The Yat dialect, similar to a Brooklyn-esque accent, stems from generations of immigrant groups through the city’s major port of entry into the United States. Regardless of accent or dialect, though, the pronunciation of the city’s name usually distinguishes habitué from novice. Pronouncing it “New OAR-luhnz” as opposed to “New or-LEENS” is the most locally accepted version of New Orleans, a city named after the Philippe d’Orléans, a duke in France at time of the city’s founding.
With the French influences in La Nouvelle Orléans, signs and maps may appear to resemble the culturally distinguished and greatly European eponyms like ancient Greece and refined regions of France, but New Orleanians have linguistically twisted these delicate terms into a language of its own. Although the street named Burgundy looks like a fine red wine, it is pronounced “ber-GUN-dee,” and although the Grecian muse Calliope may have played an instrument of the same name, the street in Uptown which bares that title is pronounced “CAL-ee-ope.” French words do not always bare the French pronunciation such as “CHAW-tuhs” for Chartres Street, “cah-rahn-doh-LET” for Carondelet Street, and “MET-uh-ree” for the metropolitan area just outside the city, Metairie. However, a certain few namesakes from France have survived tripping over local tongues, like the neighborhood of the French Quarter, Vieux Carré, which is pronounced “voo cah-RAY,” the pie-slice area beside the Quarter called Faubourg Marigny, typically spoken as “FO-berg MA-ruh-knee,” and the saltwater body Lake Pontchartrain simply said as “PONCH-ah-train.”
The sometimes Southern-ized street names, family names, and food names accent on different syllables such as “PRAW-leen” for the sweet candy called pralines, “BEN-yay” for the sugar-coated doughnuts called beignets, and “FEE-lay” for the finely powdered sassafras called filé, a spice to sprinkle over a simmering bowl of gumbo. Even the word “gumbo” can be used in other factors other than food, such as “gumbo ya-ya,” meaning everyone talking at once.
Terminology that has passed through language and cultures continues to pepper the linguistics of locals, such as the term “lagniappe” (LAN-yap) which means giving someone a little something extra, like a gratuity or small bonus. Even the local newspaper Times-Picayune (Pic-ee-yoon) stems from a French word for a small Spanish coin worth six cents, the original price of the daily paper.
The next time a New Orleanian says it’s time for “making groceries,” remember the French phrase for market shopping, faire son marché, its translation for faire (meaning make) transferring into an expression still used to this day.
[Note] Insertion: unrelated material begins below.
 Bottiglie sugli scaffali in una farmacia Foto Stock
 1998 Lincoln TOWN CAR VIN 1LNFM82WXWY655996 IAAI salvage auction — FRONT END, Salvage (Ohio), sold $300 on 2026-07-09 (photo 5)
And when the grocer asks if you want your po’boy “dressed,” be prepared for a hearty hoagie sandwich complete with lettuce, tomatoes, and mayonnaise.
From a “parish” instead of a “county,” from the “neutral ground” instead of the “median,” from an “alligator pear” instead of an “avocado,” the people of New Orleans may say it a little strange, but at least it’s something to talk about.